» **SUPPLIED RECORDS**:
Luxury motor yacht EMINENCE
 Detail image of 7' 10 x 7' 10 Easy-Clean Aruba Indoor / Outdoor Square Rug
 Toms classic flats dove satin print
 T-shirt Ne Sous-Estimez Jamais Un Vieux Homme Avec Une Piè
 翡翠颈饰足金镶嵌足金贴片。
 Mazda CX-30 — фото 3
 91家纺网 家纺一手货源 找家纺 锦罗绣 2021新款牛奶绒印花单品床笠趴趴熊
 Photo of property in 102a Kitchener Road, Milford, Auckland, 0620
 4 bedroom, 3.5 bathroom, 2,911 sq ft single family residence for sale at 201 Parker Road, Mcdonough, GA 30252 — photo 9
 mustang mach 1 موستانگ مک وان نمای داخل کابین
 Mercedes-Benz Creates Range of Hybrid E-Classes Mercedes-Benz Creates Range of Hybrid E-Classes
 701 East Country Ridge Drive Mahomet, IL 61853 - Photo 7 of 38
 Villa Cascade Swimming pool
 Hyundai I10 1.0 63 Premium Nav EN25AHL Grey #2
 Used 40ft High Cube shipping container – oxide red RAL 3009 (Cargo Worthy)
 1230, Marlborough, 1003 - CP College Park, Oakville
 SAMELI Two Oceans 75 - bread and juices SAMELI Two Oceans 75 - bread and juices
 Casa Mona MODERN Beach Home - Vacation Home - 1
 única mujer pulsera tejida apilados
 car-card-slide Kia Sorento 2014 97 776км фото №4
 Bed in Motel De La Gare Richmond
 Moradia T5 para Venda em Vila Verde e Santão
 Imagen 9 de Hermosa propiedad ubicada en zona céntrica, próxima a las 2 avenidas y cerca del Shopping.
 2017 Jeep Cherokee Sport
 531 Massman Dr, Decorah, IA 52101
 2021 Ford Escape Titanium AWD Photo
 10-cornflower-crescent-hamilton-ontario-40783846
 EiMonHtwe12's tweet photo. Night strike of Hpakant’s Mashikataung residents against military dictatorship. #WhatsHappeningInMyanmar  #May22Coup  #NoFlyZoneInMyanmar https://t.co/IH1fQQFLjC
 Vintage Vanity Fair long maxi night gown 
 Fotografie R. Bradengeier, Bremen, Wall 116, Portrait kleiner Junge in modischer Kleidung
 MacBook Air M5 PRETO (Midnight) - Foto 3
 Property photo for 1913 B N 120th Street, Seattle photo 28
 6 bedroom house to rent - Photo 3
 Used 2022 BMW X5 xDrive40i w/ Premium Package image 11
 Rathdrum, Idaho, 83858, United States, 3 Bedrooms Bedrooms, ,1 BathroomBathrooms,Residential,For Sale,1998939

» **WORK INSTRUCTION**: Here the answer is the exact run of lines above, from the line with "6 bedroom house to rent - Photo 3" down to the last, and nothing else.

» **ANSWER SPACE**:
 6 bedroom house to rent - Photo 3
 Used 2022 BMW X5 xDrive40i w/ Premium Package image 11
 Rathdrum, Idaho, 83858, United States, 3 Bedrooms Bedrooms, ,1 BathroomBathrooms,Residential,For Sale,1998939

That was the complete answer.